Le trafic piéton se répartit en trois régimes selon la distance séparant chaque individu dans la file indienne.

En passant des valeurs moyennes, mesurées sur l’ensemble du groupe, à des grandeurs individuelles estimées pour chaque piéton, les chercheurs ont pu mettre en évidence que cette tendance à la décélération n’est pas continue, mais qu’elle subit deux transitions, à faible et grande densités. Il semble ainsi exister trois états du piéton évoluant en file indienne :

  • un état dit libre, dans lequel chaque piéton évolue indépendamment, à sa propre vitesse : il est accessible lorsque chaque piéton est distant d’au moins trois mètres de la personne qui le précède, ce qui lui permet de se déplacer rapidement, sans entrave face à lui ;
  • un état faiblement contraint : les piétons, se rapprochant (de 3 m à environ 1,1 m), ralentissent modérément, leur vitesse restant voisine de 1 m/s ;
  • enfin, un état fortement contraint (qui apparaît à gauche du graphique, pour les vitesses les plus faibles) qui correspond aux files les plus denses, dans lesquelles les piétons, très proches les uns des autres, doivent adapter leur vitesse à la densité locale du trafic piétonnier, jusqu’à l’arrêt quasi complet et l’apparition de mouvements en accordéon.

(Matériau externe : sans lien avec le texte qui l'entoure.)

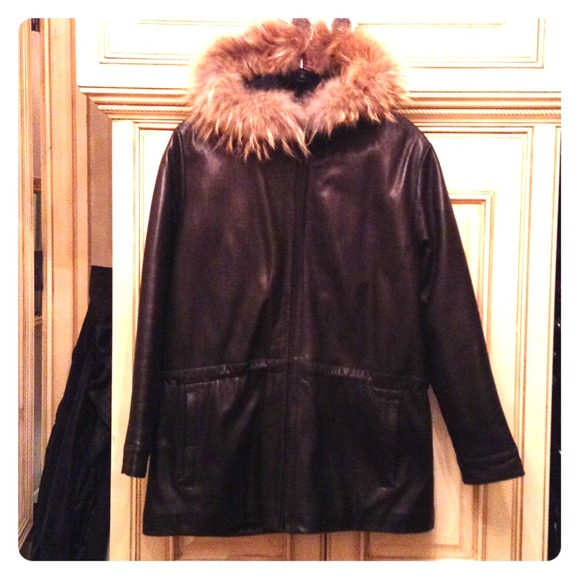 Authentic black leather jacket with fur trim hood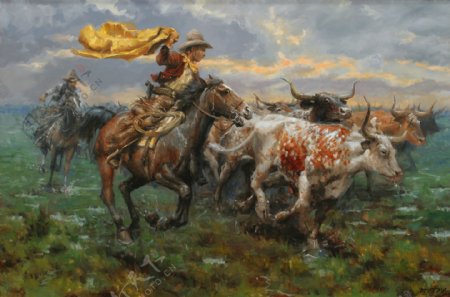 草原上奔跑的牛仔男人油画图片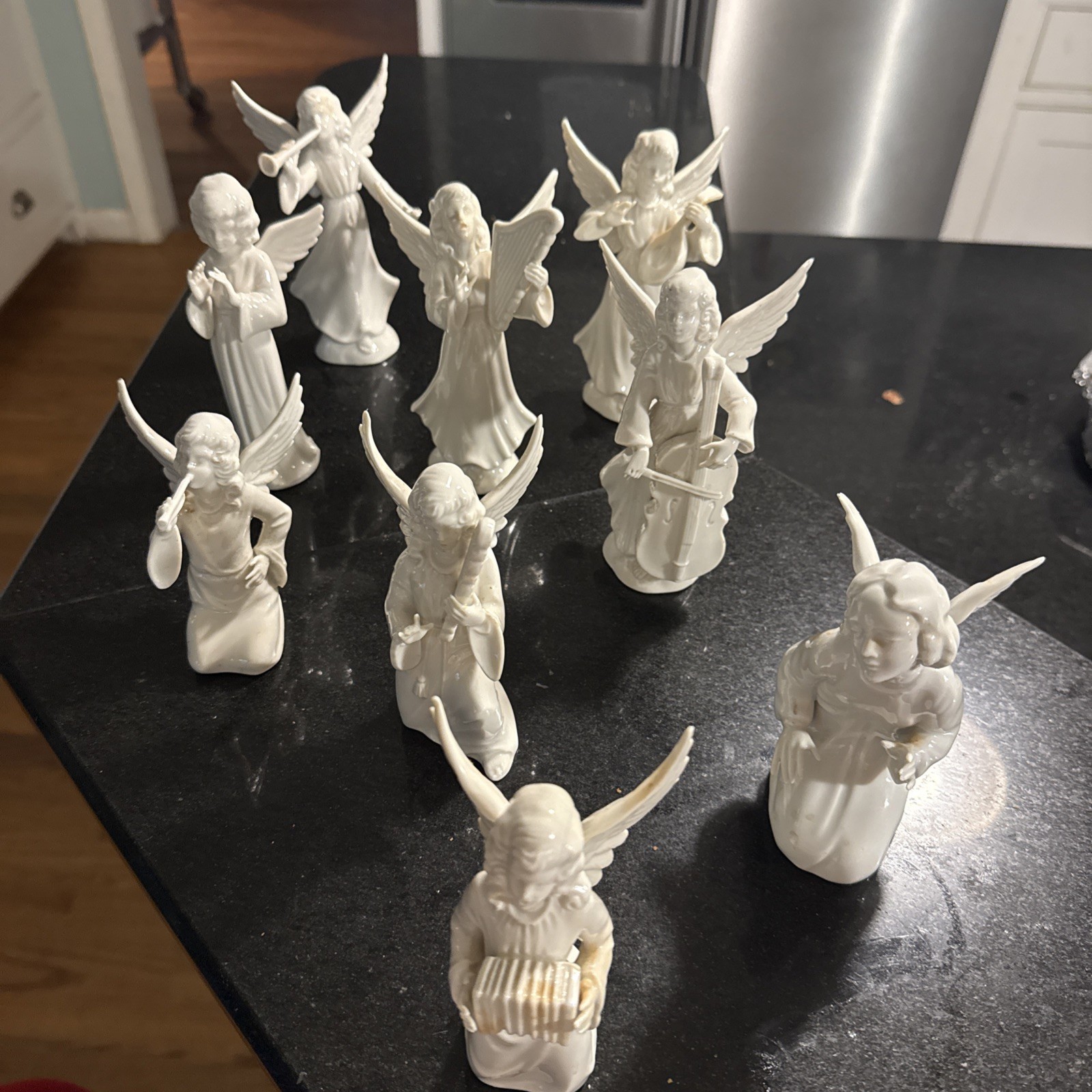 9 Vtg Dresden Germany Porcelain Figurines Set Heavenly Angelic Choir Christmas 9 Vtg Dresden Germany Porcelain Figurines Set Heavenly Angelic Choir Christmas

Il n’y a donc pas de transition « douce » entre un trafic fluide, où chaque piéton évolue librement, et un trafic congestionné et fortement ralenti. Il est toutefois intéressant de noter que des différences émergent par rapport à des expériences similaires effectuées dans d’autres pays, en Allemagne et en Inde. Par exemple, les Français marchent sensiblement plus vite que les Allemands. La distance minimale entre deux piétons est plus faible pour nos congénères indiens, qui semblent accepter plus facilement la congestion du trafic piéton, alors que les Français sont ceux dont le temps d’adaptation au trafic (évalué par la pente de l’état fortement contraint) est le plus faible : nous réagissons aux embouteillages en « freinant » plus fortement que nos voisins. Cependant, comme le rapportent les auteurs, « ces différences culturelles sont faibles, et dans les trois pays considérés, la vitesse varie de façon linéaire avec la distance inter-piéton lorsque celle-ci est inférieure à 1 mètre« . Des propriétés universelles émergent donc dans le mouvement des foules piétonnes : elles pourront servir à la modélisation du trafic pédestre, pour prévoir notamment l’évacuation de lieux publics.

Source : A. Jelić et al., Properties of pedestrians walking in line – Fundamental diagrams, arXiV, 23 mars 2012.